RAW DATA
=== Section Start ===
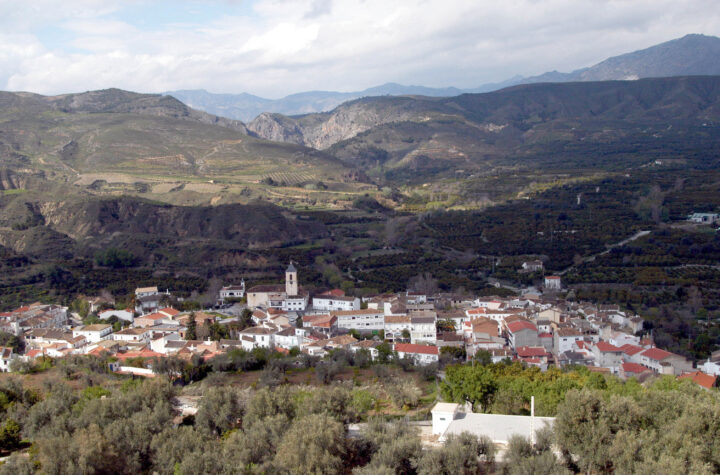 Diez-jóvenes-artistas-podrán-participar-en-las-“Becas-alRaso”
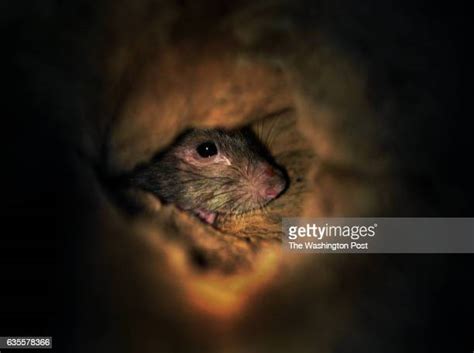 Rats Hole Photos And Premium High Res Pictures Getty Images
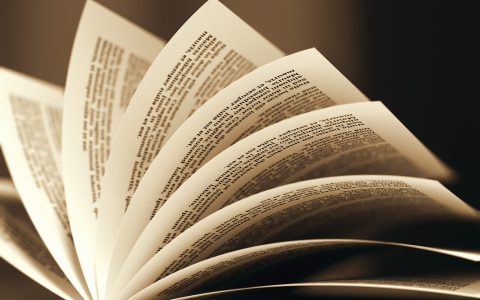 Recent Publications (2020)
=== Section End ===
WORK TO BE COMPLETED
Copy out all the data above exactly, pictures excluded.

ANSWER BOX
 Diez-jóvenes-artistas-podrán-participar-en-las-“Becas-alRaso”
 Rats Hole Photos And Premium High Res Pictures Getty Images
 Recent Publications (2020)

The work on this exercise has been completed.